Image Postprocessing

Morphological Operations

Various morphological operations were used to "smooth out" the picture, and eliminate blobs and stray lines on the image which come from various sources such as wrinkles on the hand, or other unexpected features. These morphological operations proved to be quite useful in cleaning up the picture. The one that we used here.

Biometrics

Locating Coordinates

Finding center of palm

We use regionprops to determine the location of the centroid of the image which could be estimated as the center of the palm as shown below.



Finding tip of the finger

We find the topmost pixel of the image to represent the tip of the finger.

Finding Area finger located

From two information above, we can find the region where all the fingers could be located. They will be at the ring region centered at the center of the palm with outer radii of the length between the tip of the finger and the center of the palm and the inner radii of half outer radii as shown below.


Finding Fingers

Method 1. Circle finder

As we notice that the shape of the tip of the finger is round and circle-like, we can make use of circular Hough transform in Matlab function call (imcircle) to extract the circle shape object from the images. We can perform this to each RGB and YCbCr layer and combined all layers so that we have some uncertainties on the circles that we are not interested. All the centers of 4 layers are then combined in one matrix and distinguish into bins where each bin represents each finger. The calculation of bin includes some acceptable variance since the centers of the circles of the same finger tips are not exactly at the same location. The number of bins showing will the number of finger shown respectively. The threshold is set so that there must be at least three out of four cases checked in order to count that as a finger. The disadvantage of this method is that it would work only if the algorithm can detect the circle.

Hough circle transform is basically for loop of a circle finder at the range of radius input.

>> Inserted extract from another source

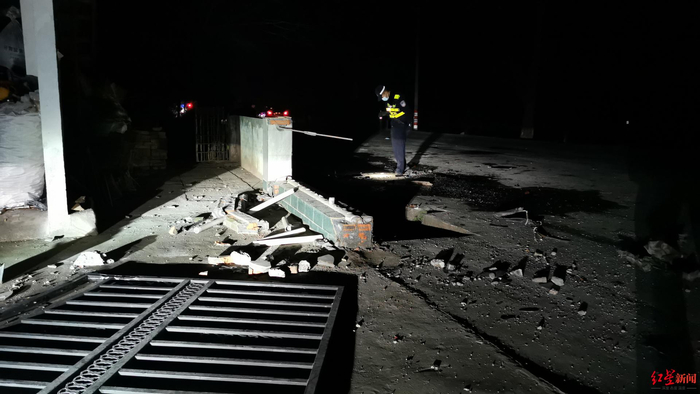  居民家院子的铁门被罐车损毁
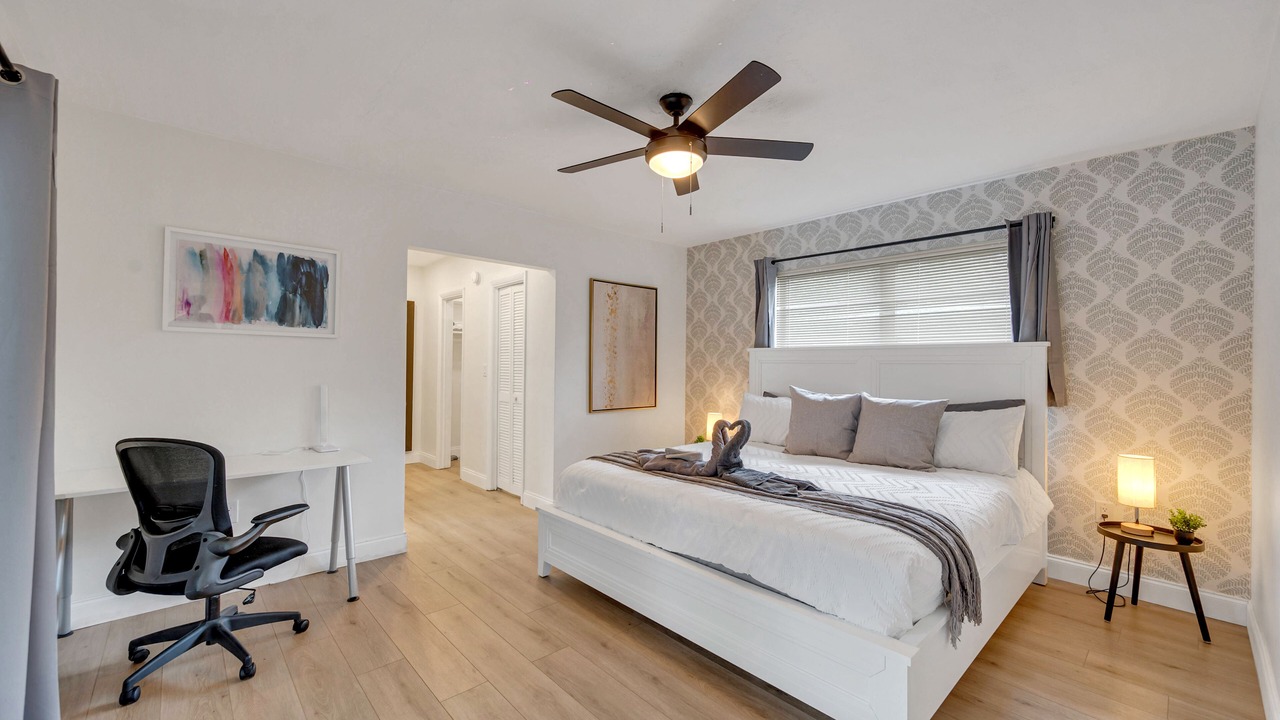 Photo of Bedroom in Cooper City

For loop will run to all pixels as a center and circle around it within radius to see if they match.
x = a + R cos(θ)
y = b + R sin(θ)
Then it will output the strongest circle shown below.


Method 2. Arc Intersection finder

From the image of the hand and the arc that we used in method one. We could then find the intersection of both layers and use object detection to count the numbers of object showing. Before we use object detection, Image dilation is used to ensure that there is no cut between an object.

Final Algorithm

We manage to use both of the algorithm since one might have advantage over the others. For example, the circle method might be able to find the tip of the finger properly and the arc intersection method might not work when the fingers are very close to each other.